+++ GIVEN INFORMATION +++

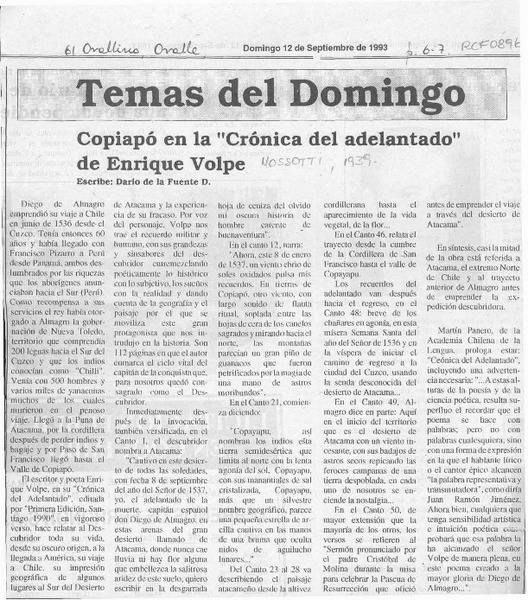 Copiapó en la "Crónica del adelantado" de Enrique Volpe  [artículo] Darío de la Fuente D.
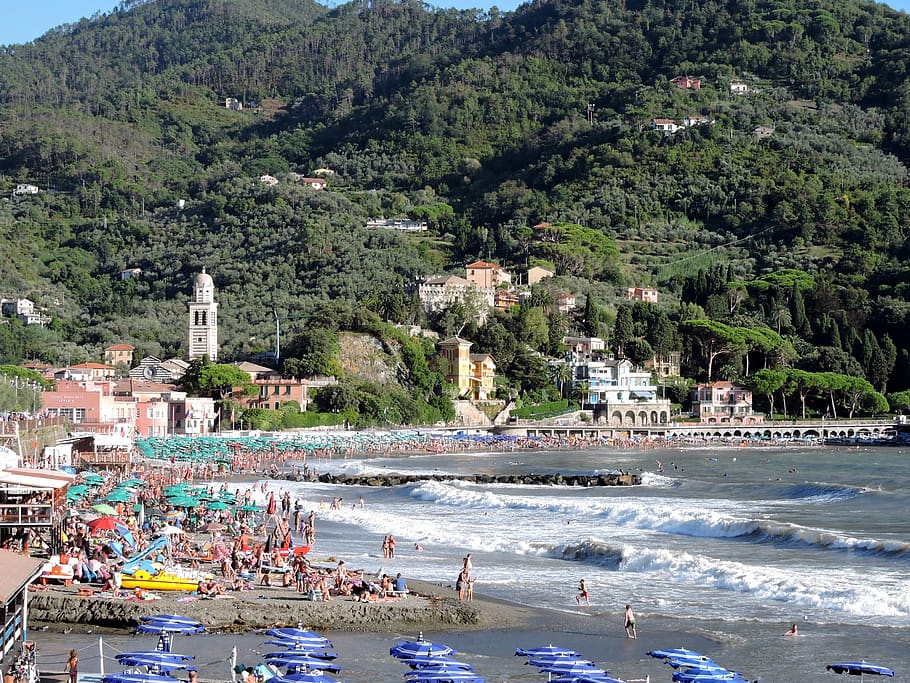 beach, levanto, sea, italy, liguria, umbrellas, campanile, waves, HD wallpaper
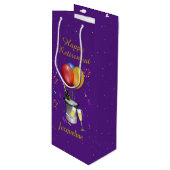 Rente - Feier zum Thema Sparkling Lila Geschenktüte Für Weinflaschen (Vorderseite Schrägansicht)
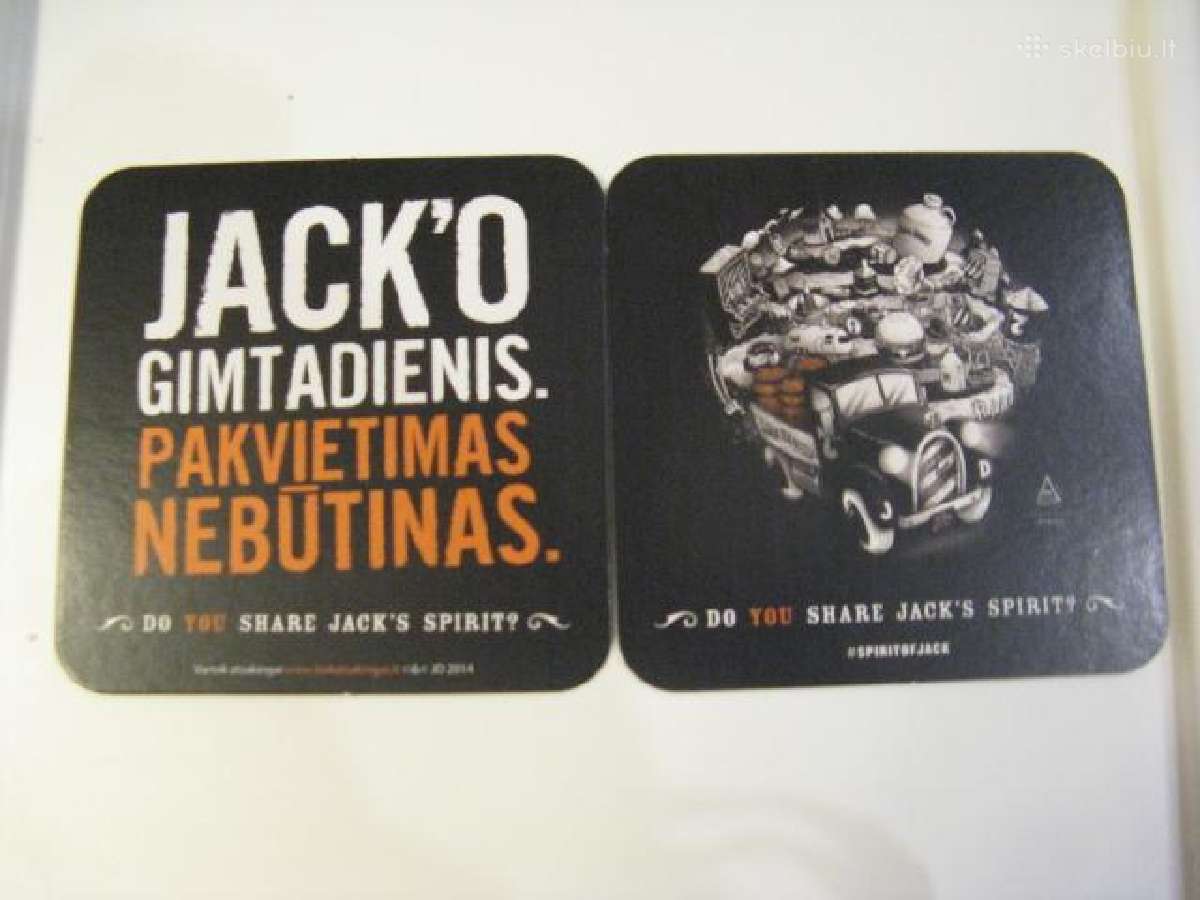 Jack Daniels popierinis padėkliukai (6vnt.)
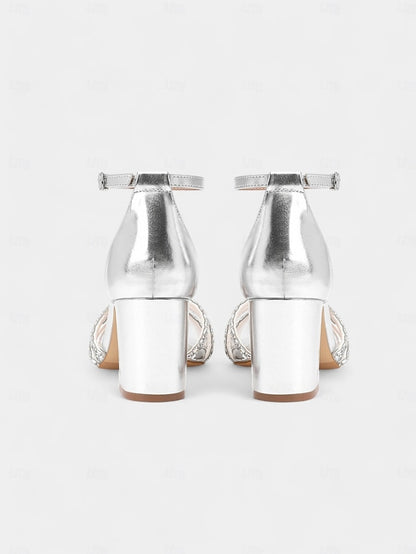 with Heel Sandals Silver Rhinestone Block Metallic Strappy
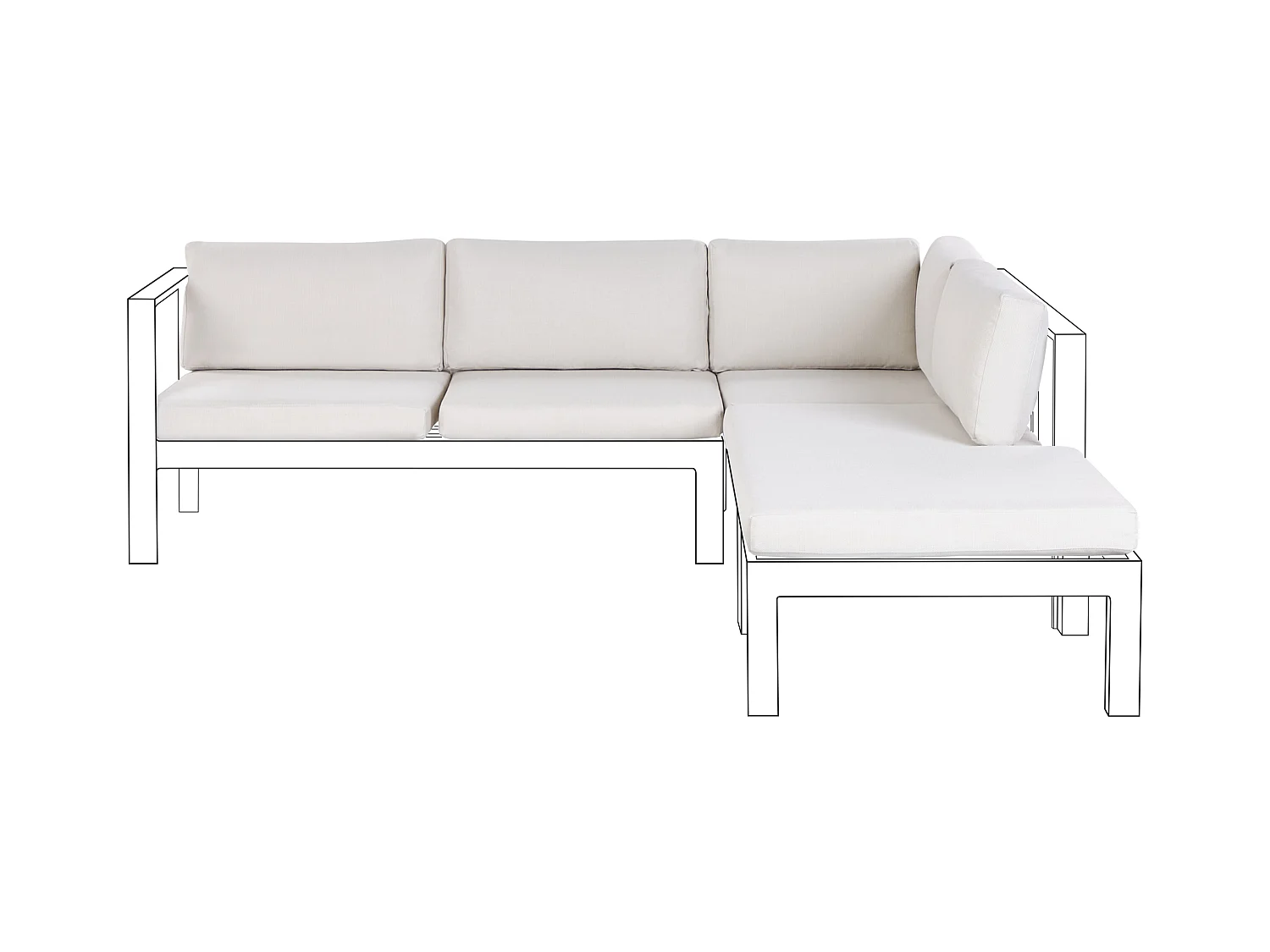 Ensemble de housses de coussins d'extérieur MESSINA Blanc cassé
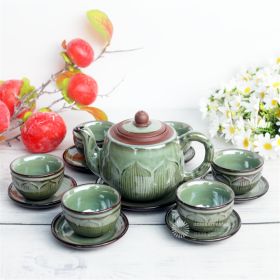 Bộ tách trà bát tràng 14 sản phẩm men xanh rêu nổi bật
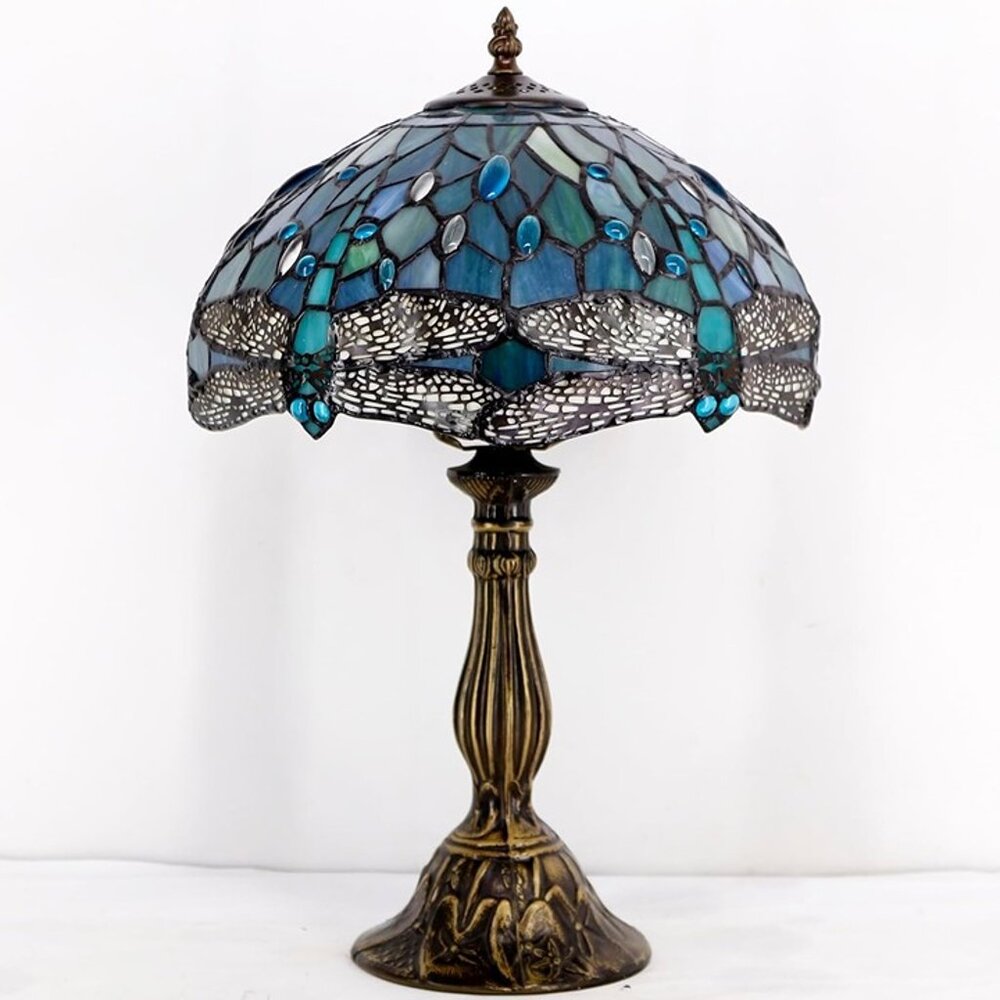 NEW Tiffany Lamp Sea Blue Stained Glass Table Lamp 12X12X18 Inches.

+++

**EXERCISE INSTRUCTIONS:** Copy out, with no pictures, the lines from the one containing "Ensemble de housses" through the last line of the data above, both ends included and each word unchanged.

**RESPONSE TO THE EXERCISE:**
 Ensemble de housses de coussins d'extérieur MESSINA Blanc cassé
 Bộ tách trà bát tràng 14 sản phẩm men xanh rêu nổi bật
 NEW Tiffany Lamp Sea Blue Stained Glass Table Lamp 12X12X18 Inches.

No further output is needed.